YOUR ASSIGNMENT:
Word for word, return the lines below from the first through the line that has "Joseph Coleman Suede Stretch Trousers Smoke", dropping the pictures.

Image-caption web data
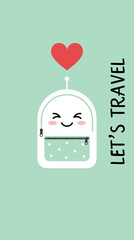 Naklejka premium White Backpack Heart Travel, School Bag Vector, Adventure Journey Illustration, Let's Travel Quote Design, Minimalist Holiday Packing Graphic Art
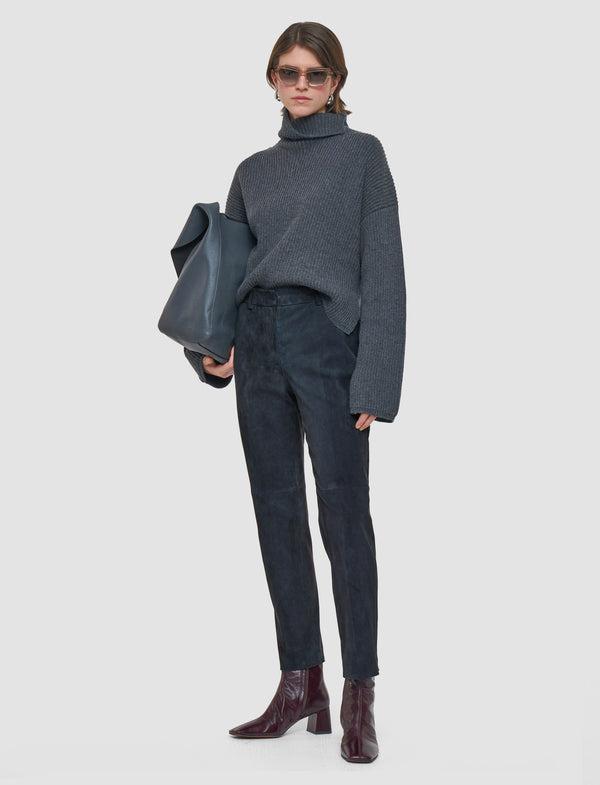 Joseph Coleman Suede Stretch Trousers Smoke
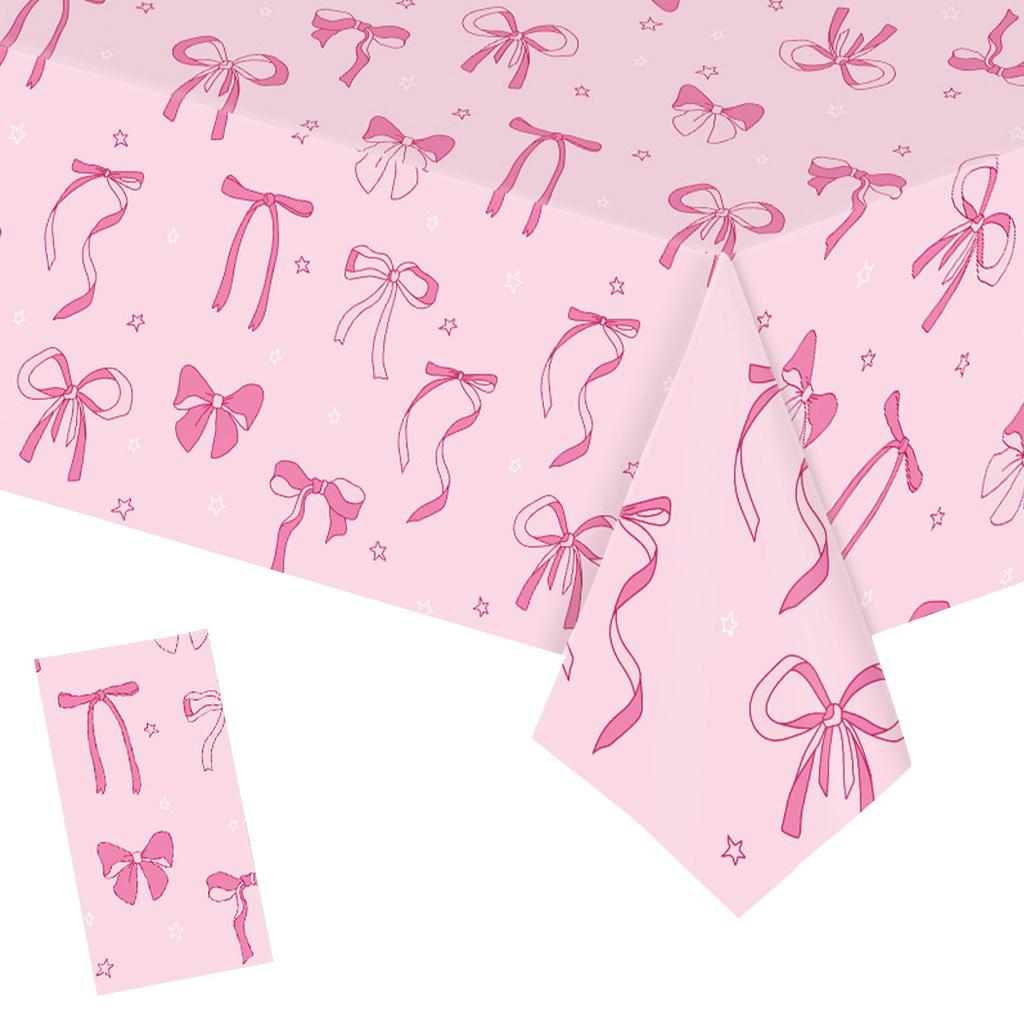 Bow Table Cloth Rectangle Table Party Supplies Bow Theme Disposable Plastic Table Covers Bow Birthday Decorations For Women Girls Bridal Baby Shower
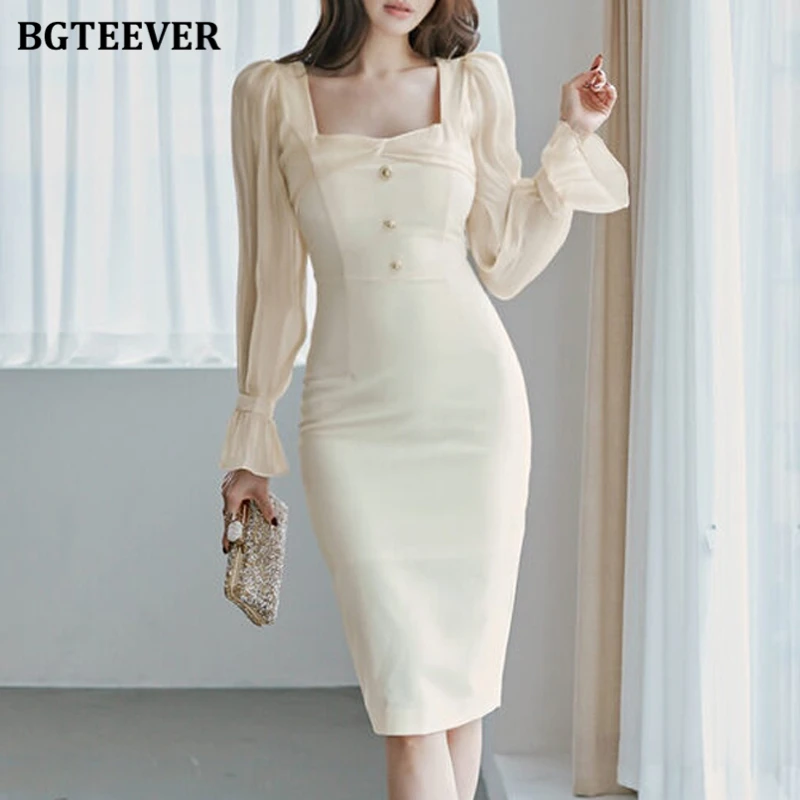 BGTEEVER Fashion Square Collar Women Slim Package Hip Midi Dress elegante manica lunga femminile Skinny Bodycon Dress autunno Vestidos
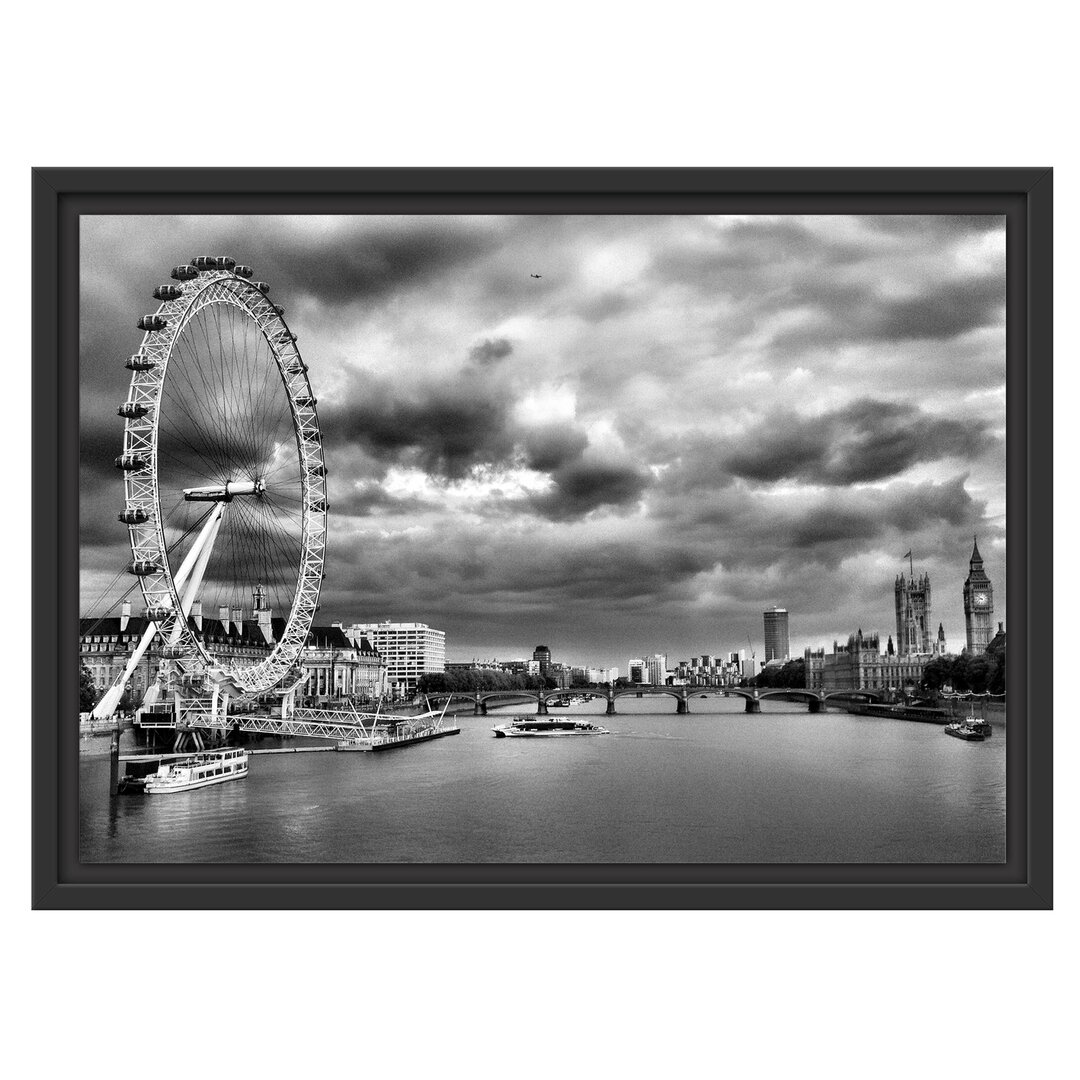 Gerahmtes Wandbild Riesenrad, London Eye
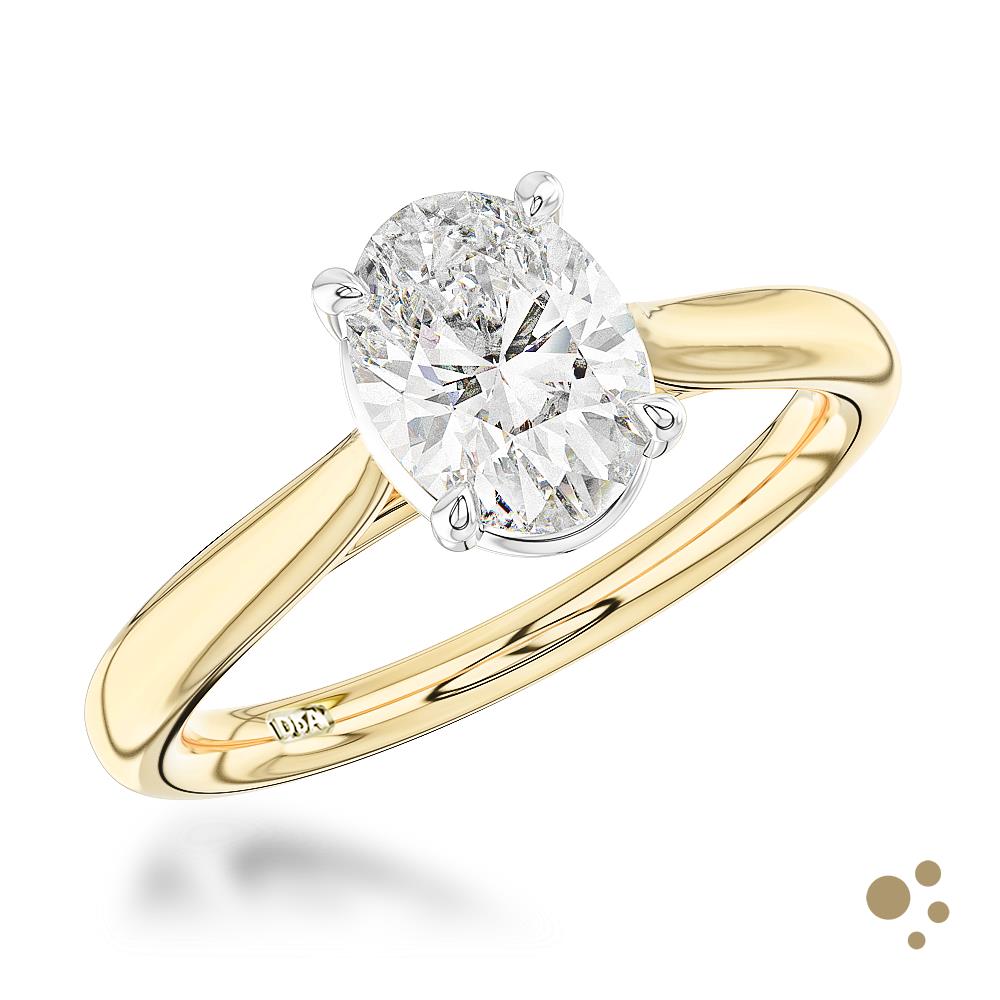 Classic Oval Solitaire 1.00ct Diamond Yellow Gold/Platinum Ring - Deacon & Son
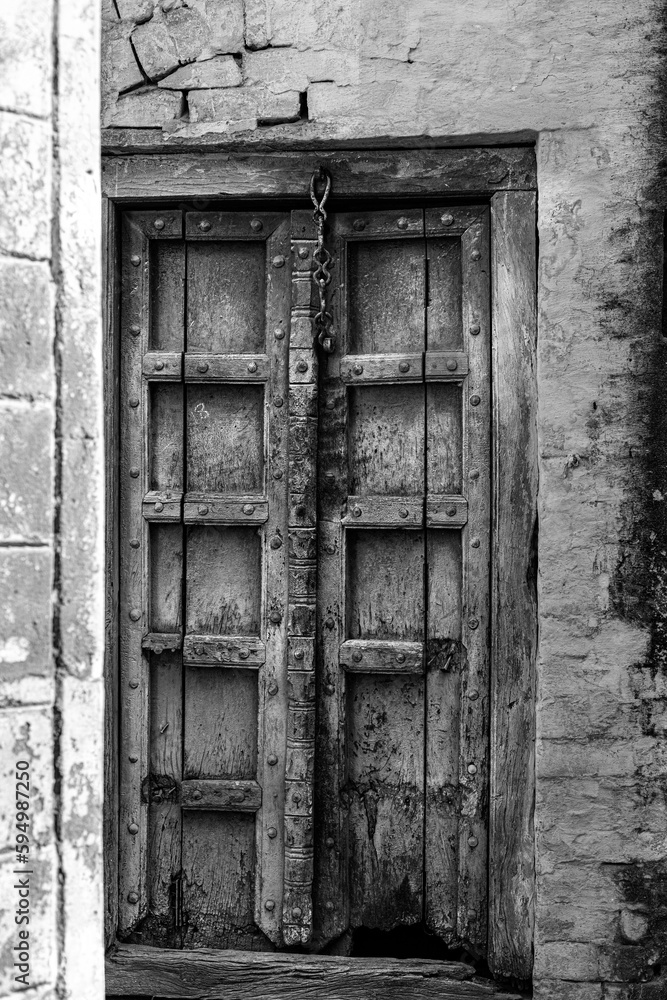 old wooden door in house old wooden door in house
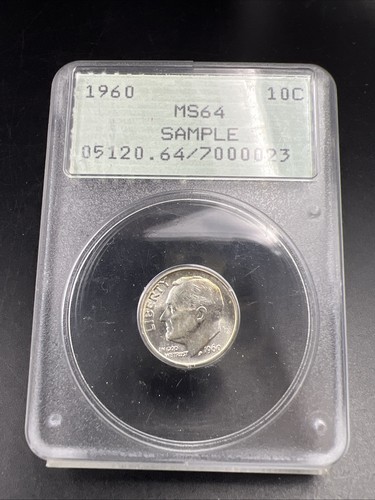 PCGS Rattler Sample Slab MS64 1960 P 10c Roosevelt Silver Dime Coin - Picture 4 of 6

SOLVED PROBLEM:
 Naklejka premium White Backpack Heart Travel, School Bag Vector, Adventure Journey Illustration, Let's Travel Quote Design, Minimalist Holiday Packing Graphic Art
 Joseph Coleman Suede Stretch Trousers Smoke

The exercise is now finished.